Often I hear people say ‘you’re addressed as you dress’, that may be true sometimes but not all the time. The person, who chooses to address me by the way I dress, tells me that he has a serious issue of perception too. And that is why much of politics is so rotten. Politicians dress up their lies because that is the perception people want to see. It no longer matters if they live up to their promised manifestos. The case of UKIP and not Labour or LibDem or the other political parties wining the European election seats on behalf of Britain shows how powerful perceptions can be misleading. In the same vein, Nigeria’s government treatment and response to the over 200 Girls missing (even this statistics fluctuates), tells us how this misplaced and shifty perception works.  Advertising even Public Relations in more recent time colours perception; that doesn't make it true.

Perceptions should NOT be what you think it is. It is what it is. Perception is NOT pretending that things are different or we hope that what we see is different from how they are. It is what they are. 

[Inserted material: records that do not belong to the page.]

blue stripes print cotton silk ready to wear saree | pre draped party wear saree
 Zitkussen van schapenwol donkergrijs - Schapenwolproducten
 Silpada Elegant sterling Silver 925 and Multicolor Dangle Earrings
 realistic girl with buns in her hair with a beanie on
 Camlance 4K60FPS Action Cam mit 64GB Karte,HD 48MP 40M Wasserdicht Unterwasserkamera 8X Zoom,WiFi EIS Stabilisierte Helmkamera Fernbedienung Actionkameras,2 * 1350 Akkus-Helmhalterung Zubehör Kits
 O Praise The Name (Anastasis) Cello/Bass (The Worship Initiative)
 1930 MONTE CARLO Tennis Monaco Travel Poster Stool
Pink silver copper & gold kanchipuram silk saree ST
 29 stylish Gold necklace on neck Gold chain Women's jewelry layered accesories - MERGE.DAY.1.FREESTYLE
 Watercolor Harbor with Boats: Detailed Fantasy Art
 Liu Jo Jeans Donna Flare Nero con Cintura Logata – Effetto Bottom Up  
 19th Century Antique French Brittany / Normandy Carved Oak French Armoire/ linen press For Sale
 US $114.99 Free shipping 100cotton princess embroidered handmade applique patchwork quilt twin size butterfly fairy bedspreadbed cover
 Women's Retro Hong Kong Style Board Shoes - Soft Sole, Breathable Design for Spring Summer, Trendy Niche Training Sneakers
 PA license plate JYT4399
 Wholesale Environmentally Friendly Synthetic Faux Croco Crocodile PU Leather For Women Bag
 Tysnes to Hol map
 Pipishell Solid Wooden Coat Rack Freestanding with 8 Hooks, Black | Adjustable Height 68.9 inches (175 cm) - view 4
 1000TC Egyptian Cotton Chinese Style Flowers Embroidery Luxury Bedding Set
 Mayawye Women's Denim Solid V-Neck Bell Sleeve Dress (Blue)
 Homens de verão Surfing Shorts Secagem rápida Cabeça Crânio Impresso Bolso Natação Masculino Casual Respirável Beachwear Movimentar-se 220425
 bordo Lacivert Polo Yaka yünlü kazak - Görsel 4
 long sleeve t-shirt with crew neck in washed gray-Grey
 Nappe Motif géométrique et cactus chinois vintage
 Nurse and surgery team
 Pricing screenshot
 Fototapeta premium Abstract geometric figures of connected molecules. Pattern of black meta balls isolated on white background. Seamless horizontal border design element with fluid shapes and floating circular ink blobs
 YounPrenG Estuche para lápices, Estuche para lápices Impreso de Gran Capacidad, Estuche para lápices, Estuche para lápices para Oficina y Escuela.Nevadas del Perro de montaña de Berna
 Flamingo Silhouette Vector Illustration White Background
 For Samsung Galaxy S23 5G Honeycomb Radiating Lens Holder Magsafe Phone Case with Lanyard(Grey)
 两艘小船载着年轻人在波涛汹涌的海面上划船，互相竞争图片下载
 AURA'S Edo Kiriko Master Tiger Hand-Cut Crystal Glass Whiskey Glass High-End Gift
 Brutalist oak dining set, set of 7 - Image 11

That is why we all need to train our perceptive powers. It is not simply about been quick to ‘judge’, ‘discriminate’, or ‘label’ someone or something so we feel better or ‘superior’ than the next person. That is very subjective, careless and maybe foolish. Rather it is about seeing things as whole not because we are currently benefiting from it in the short run, but because we can live with it in the long run and still carry on with our lives accepting the bumps, accidents and misfires. 

There was a time when going to the Moon was labelled ‘an act against God’, a ‘desecration’. And those who went on the mission were labelled names not worthy of re-printing them on this page. Or for that matter when Galileo said the Earth and other planetary systems revolve around the relatively stationary Sun which is at the centre of the solar system, thus favouring Heliocentrism and not Geocentrism how he was subjected to the inquisition? He was not only found "vehemently suspect of heresy", he was forced to recant, and spent the rest of his life under house arrest. The irony? Those persons, who spoke rashly, thoughtlessly and even name-called, were the first grabbers of the benefits of what such knowledge and discoveries have opened to mankind.

So let us always pause a little more often before we utter statements of condemnation or even praise. Let us stop feeding our minds with misplaced and pretentious perceptions. Train your mind to always try to see things as they are. Perceptions matter.

After all, if somebody didn't take the risk, we who didn't dare won’t know what the risks are.